クラシコ決戦となる16日の国王杯決勝。バルセロナにとっては、ここでの勝敗が今後のクラブの命運を握るといっても過言ではない 【Getty Images】
そのような状況下、マルティーノは現在ヨーロッパで最も堅固な守備組織を誇るアトレティコを相手に、勝利が必須の立場にあった第2レグでも両サイドにウイングを配置せず、多数の“フゴネス(創造者)”を中盤に並べる第1レグのプランを継続した。
一方、ハビエル・マスチェラーノ、マルク・バルトラ、ホセ・マヌエル・ピントのトライアングルが守備の穴だと考えたアトレティコの指揮官ディエゴ・シメオネは、第2レグでは専守防衛のプランを変更し、前から圧力をかけて攻めに出ることをチームに命じた。その結果、バルセロナは開始20分までに失点シーン以外にもクロスバーを強打したシュートを3本も打たれるという、近年経験したことのなかった窮地に追い込まれたのだった。
この敗戦が招いた危機的状況はクラブとその周囲に混乱をもたらし、一時は克服できたと思われていたバルセロナとカタルーニャに染み付く人々の被害者意識を再燃させることになる。わずか3日間のうちに三冠獲得への希望が潰えると、人々は今季の全タイトルだけでなく、近年続いてきた栄光のサイクルをも失ってしまうという恐怖に支配されるようになった。
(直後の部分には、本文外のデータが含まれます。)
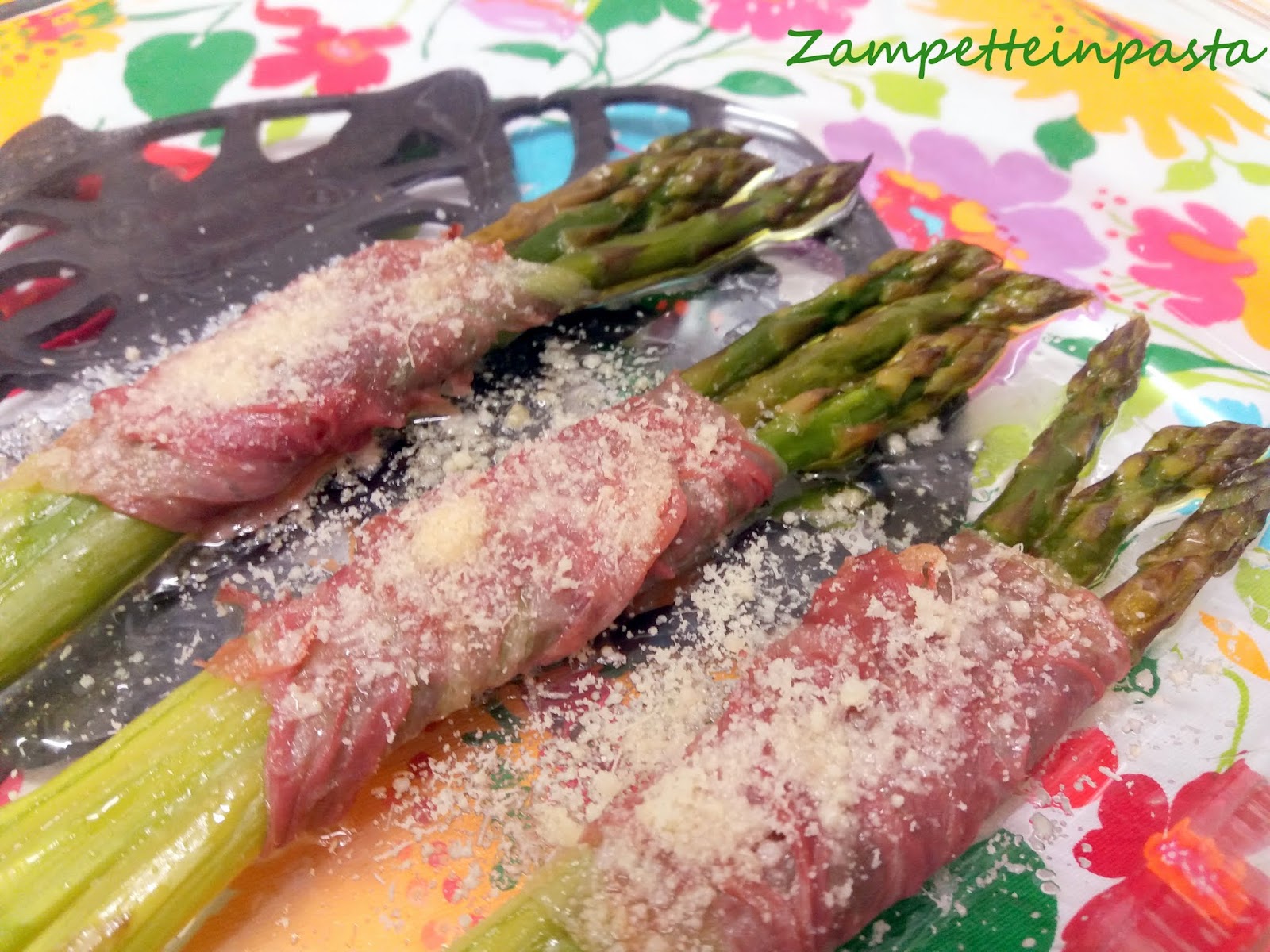 ASPARAGI VERDI CON PROSCIUTTO CRUDO E PARMIGIANO ZAMPETTE IN PASTA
国王杯決勝は傷ついた自尊心を回復する極めて重要な一戦
この試合でレアルは、崩壊しつつあるバルセロナの今季に終止符を打つ死刑執行人となるかもしれない。一方、バルセロナにとってこの国王杯は、シーズン無冠に終わることを避けるため、そして傷ついた自尊心を回復するためにも極めて重要なタイトルとなる。
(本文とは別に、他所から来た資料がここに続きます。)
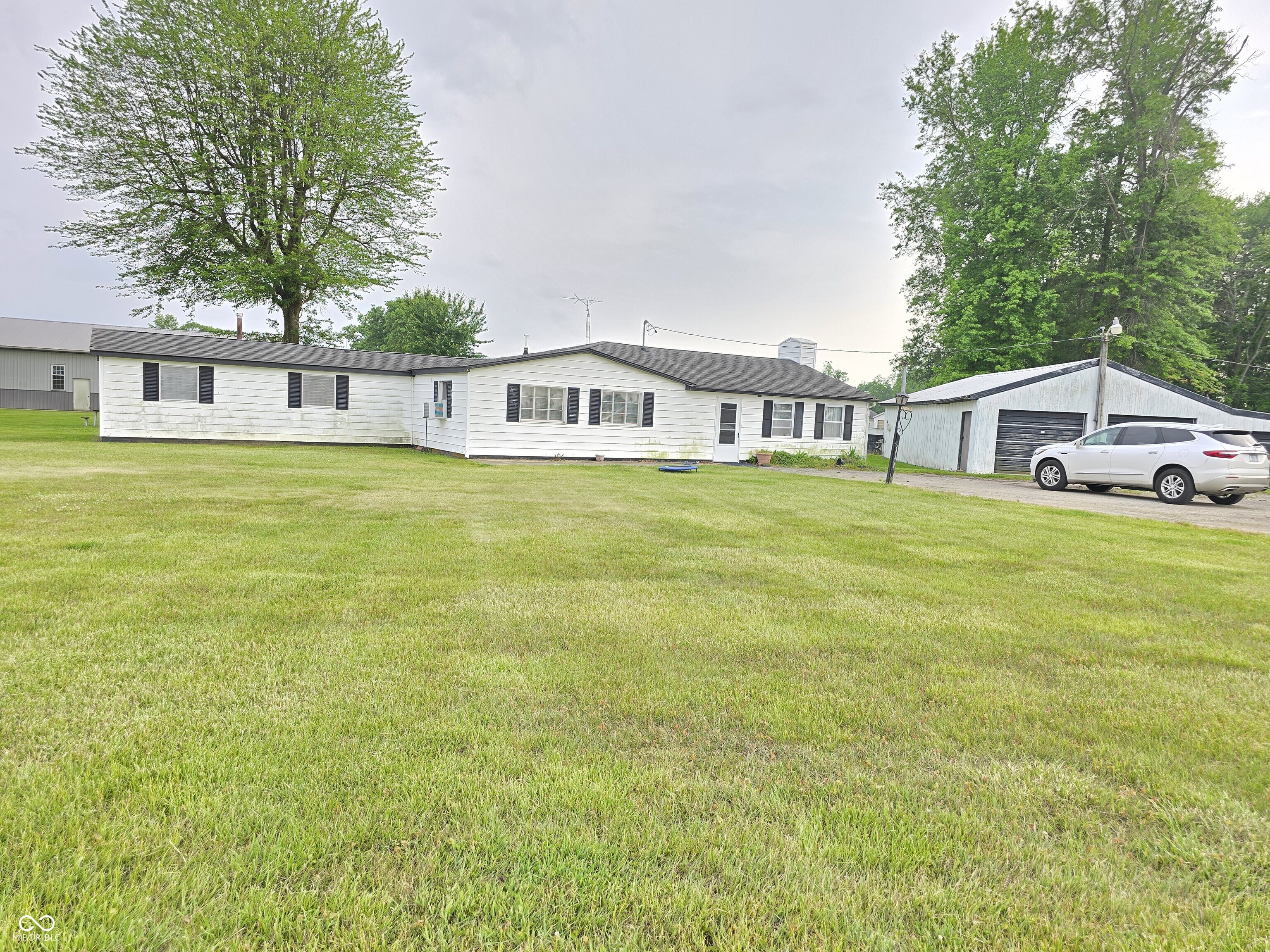 8811 E State Road 46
アトレティコはそんなバルセロナと対照的な状況にあると言える。新たに台頭してきた新鋭として、成長著しい旬なチームとして、そして人々に活力を与える希望的存在として、彼らは心身共にこの上なく充実した状態にあるだけでなく、運をも味方につけながら快進撃を続けている。
彼らは自分たちが歴史的なシーズンを送っていること、リーガとCLの2冠獲得、さらには74年のチャンピオンズカップ決勝で敗れたバイエルン・ミュンヘンに対して40年越しのリベンジを果たせる可能性があることをよく自覚している。
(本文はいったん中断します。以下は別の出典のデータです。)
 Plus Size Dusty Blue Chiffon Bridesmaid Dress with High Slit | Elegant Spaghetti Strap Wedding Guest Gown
昨日は上、今日は下、そして明日はどこにいるのか分からない。それがフットボールであり、世界中に普及し一大興行と化したこのスポーツの定めである。
近年輝かしい成功の味を堪能してきたバルセロナは今、栄光のサイクルの終わりに直面する恐怖に怯えながら、過去に歩んできた混沌とした時代へと通じる道を引き返しはじめている。